The efforts in the present work extend prior work on the same topic (Wei et al. 2015a) in four major ways. First, we provide additional evidence supporting our prior conclusions which suggested that most suspended users lie in the periphery of the network, and thus that removing them has little impact on the rest of the network. Second, we include additional analyses that highlight the spatial properties of the data. Third, we develop a more robust approach to analyzing the topical information within our data, which also allows us to significantly increase the number of users we consider in our clustering analysis, resulting in an entirely new set of results. Finally, we include a new section devoted to the analysis of sentiment within our data. The new analysis here serves as further evidence that suspended users show important variability in their actions and can also have significant effects on our understanding of the network, topics, sentiment and important users within a particular Twitter dataset.

2 Related work

2.1 Network analysis

The quantitative study of the patterns of relations among users has been used for the past 70 years to understand and predict human behavior and sociocultural activities (Anthonisse et al. 1971; Freeman 1979). This area referred to as social network analysis, dynamic network analysis and network science is concerned with assessing how the patterns of connections among entities constrain and enable behavior, and how different patterns affect different sociocultural outcomes. While much of the early work focused on interactions among small groups of humans (<50), more recent efforts have focused on the development of scalable methods, often for reasons associated with social media analysis (Yin et al. 2013). Many metrics in this area are focused on identifying those nodes that have disproportionate potential influence or power in the overall network; e.g. degree centrality, closeness centrality and betweenness centrality (Wei and Carley 2014). When the network changes overtime, dynamic network metrics provide additional insights as to how network change impacts individuals (Wei and Carley 2015). Applications of network analysis include recommendation systems (Xia et al. 2015), community detections (Newman 2006) and network structure predictions (Xia et al. 2014).

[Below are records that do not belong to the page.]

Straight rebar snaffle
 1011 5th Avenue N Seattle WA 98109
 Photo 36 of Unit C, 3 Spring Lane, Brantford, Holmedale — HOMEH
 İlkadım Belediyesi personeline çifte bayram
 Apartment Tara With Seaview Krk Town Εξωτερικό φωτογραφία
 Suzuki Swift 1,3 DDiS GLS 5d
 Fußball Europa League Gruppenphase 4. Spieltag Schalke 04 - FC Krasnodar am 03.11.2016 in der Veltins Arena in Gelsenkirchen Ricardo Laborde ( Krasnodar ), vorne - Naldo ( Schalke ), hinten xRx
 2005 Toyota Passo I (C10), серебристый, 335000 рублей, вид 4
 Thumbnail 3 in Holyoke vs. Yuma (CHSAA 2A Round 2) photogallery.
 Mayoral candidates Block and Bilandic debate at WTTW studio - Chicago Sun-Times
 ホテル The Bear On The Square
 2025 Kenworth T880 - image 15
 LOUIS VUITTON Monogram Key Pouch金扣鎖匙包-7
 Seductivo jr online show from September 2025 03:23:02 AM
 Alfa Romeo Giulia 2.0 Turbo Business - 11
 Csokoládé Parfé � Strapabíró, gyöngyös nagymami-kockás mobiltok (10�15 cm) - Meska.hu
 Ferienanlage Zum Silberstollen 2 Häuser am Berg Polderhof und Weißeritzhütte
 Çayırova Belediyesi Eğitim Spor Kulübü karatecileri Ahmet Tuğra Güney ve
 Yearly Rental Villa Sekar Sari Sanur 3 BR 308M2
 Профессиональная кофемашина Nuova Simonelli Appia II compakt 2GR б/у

From a social media perspective, network analytics have been used to, for example, identify communities (Lim and Datta 2013) and better understand the relationship between social and topical structures (Romero et al. 2013). Network analytics are also increasingly used to support spam detection (Wang 2010) and fraud detection (Bolton and Hand 2002). Such research has demonstrated that networks in social media, and specifically in Twitter, can be much larger and take on different forms than networks in the real world. Case studies often report having to clean the data significantly to remove bots and other undesirable users (Joseph and Carley 2015). Such works suggest the possible negative impact of spam on network analyses, but there has been no systematic assessment. We utilize standard metrics and assess how the results vary as suspended users are removed.

2.2 Topic modeling and content analysis

Topic modeling and content analysis have seen major advances in the last decade. The majority of techniques draw inspiration from one or both of the following two methods: latent Dirichlet allocation (LDA) (Blei et al. 2003) and latent semantic analysis (LSA) (Dumais 2004). Both methods model documents as a “bag of words,” in which case only the constitution of words is considered rather than their orders. The goal of topic modeling is to infer latent topics, where a topic can be roughly defined as a set of words that frequently co-occur together within the same document.

LDA and LSA have been widely used in the area of information retrieval and data mining (Wang and Blei 2011; Griffiths and Steyvers 2004; Hong and Davison 2010) with different strengths. LDA is a Bayesian model built based on the probabilistic graphical model (PGM) formalization (Jordan 1998) and can be flexibly integrated into other Bayesian models (Wei et al. 2015b; Hong et al. 2012; Diao et al. 2014). LDA can also be naturally interpreted in a hierarchical Bayesian fashion which enables it to be used in hierarchically structured problems beyond topic modeling (Yuan et al. 2012; Joseph et al. 2012). LSA, on the other hand, relies on an eigenvector technique referred to as singular value decompositions (SVD) (De Lathauwer et al. 1994). While LSA prevails in computationally intensive areas such as recommendation systems (Dumais 2004) because of its efficiency, model results from LSA usually lack a clear interpretation of topic hierarchy.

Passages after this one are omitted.